ICJP

ICJP Unequivocally Condemns The UK Prime Minister Liz Truss’s Stated Intention To Move The British Embassy In Israel From Tel Aviv To Jerusalem

The Embassy has, as a matter of long-standing foreign policy, been situated in Tel Aviv as are almost all embassies of other countries around the world. A move to Jerusalem would not just be contrary to the UK’s longest-held foreign policy position on Israel and Palestine, but would also set a dangerous precedent, and be in breach of international law. 

Jerusalem is unique, vital, and of global religious importance, being central to the three Abrahamic religions. It is the third most important religious city in Islam, after Mecca and Medina, and is home to the Church of the Holy Sepulchre, where Jesus is buried. It also features prominently in the Torah and is considered a holy city to Jewish people.
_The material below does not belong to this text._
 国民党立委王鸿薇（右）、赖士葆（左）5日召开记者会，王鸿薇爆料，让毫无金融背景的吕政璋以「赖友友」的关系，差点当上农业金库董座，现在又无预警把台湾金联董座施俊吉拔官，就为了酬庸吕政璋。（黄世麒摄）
It has been fought over for centuries, the home of Palestinians and Arabs for over a millennium and the former capital of Palestine under the British Mandate.    

In 1947, the United Nations (UN) considered that Jerusalem should be viewed as a corpus separatum, existing as an internationalised city in light of its importance to the three ‘Abrahamic religions’; an unprecedented position which is indicative of the city’s significance to global religions.   
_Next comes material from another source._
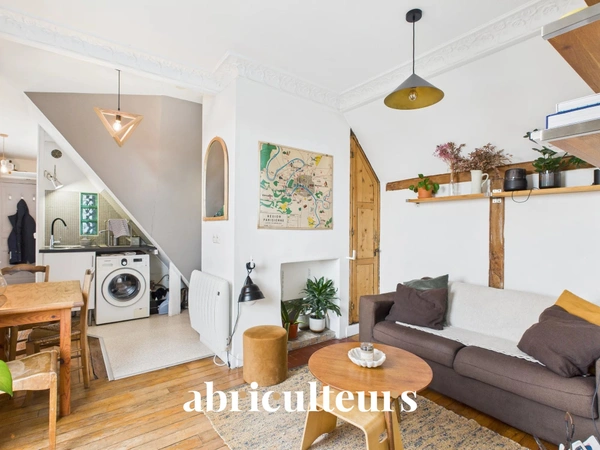 Dernier étage<span></span>Appartement 2 pièces avec balcons<span></span>Paris 20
Jerusalem is also a city, in which a slew of opaque Kafkaesque laws and oppressive emergency regulations are enforced arbitrarily and brutally against the non-Jewish population of the city in a continuous, brutal, and inhumane process of ethnic cleansing. The Palestinian population lives under the Israeli government’s belligerent occupation in the Gaza Strip, the West Bank, including East Jerusalem. Palestinians under occupation are imprisoned by walls, borders, checkpoints, with their every move restricted and policed by a complex permit and surveillance system. An estimated 100,000 Palestinian Jerusalemites live under the threat that their houses will be demolished at short notice, often at night. The Palestinian side of the city has had its political and cultural centres attacked and closed, including book shops, schools, and theatres. Non-Jewish Jerusalemites who leave the city for extended periods of time are at risk of losing their residency permits.  
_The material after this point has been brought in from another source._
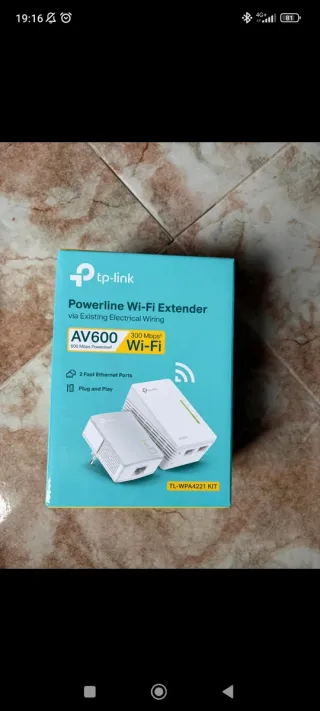 TP-Link Powerline Wi-Fi Extender AV600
The situation of Palestinian Jerusalemites is only part of a cruel system of oppression under successive Israeli governments. Most leading international human rights organisations, from Amnesty International to Human Rights Watch, have followed the call by a coalition of Palestinian human rights organisations (Al Haq, Palestinian Centre for Human Rights) and Israeli human rights organisations (B’Tselem), as well as the United Nations, to condemn the situation as being one of apartheid under international law.  The Israeli government has responded by sealing the offices of these Palestinian organisations and criminalising their workers, a move the EU member states have condemned.  

We, at ICJP, believe that an appropriate international response to a situation of apartheid should include boycotting, divesting and sanctioning the oppressive regime. The treatment of the apartheid regime of South Africa is the obvious example. The regime was forced to change its system of governance, in part, because the international community refused to grant that regime favours, or turn a blind eye to the atrocities committed.

To move the Embassy would not just severely undermine any possible resolution to the Israel-Palestine peace process (however flawed), to which this government is still, according to its own pronouncements, wedded to, but it also undercuts the UK Government’s commitment to the application of public international law, the laws of war, including the Fourth Geneva Convention of 1949, and international diplomatic conventions.   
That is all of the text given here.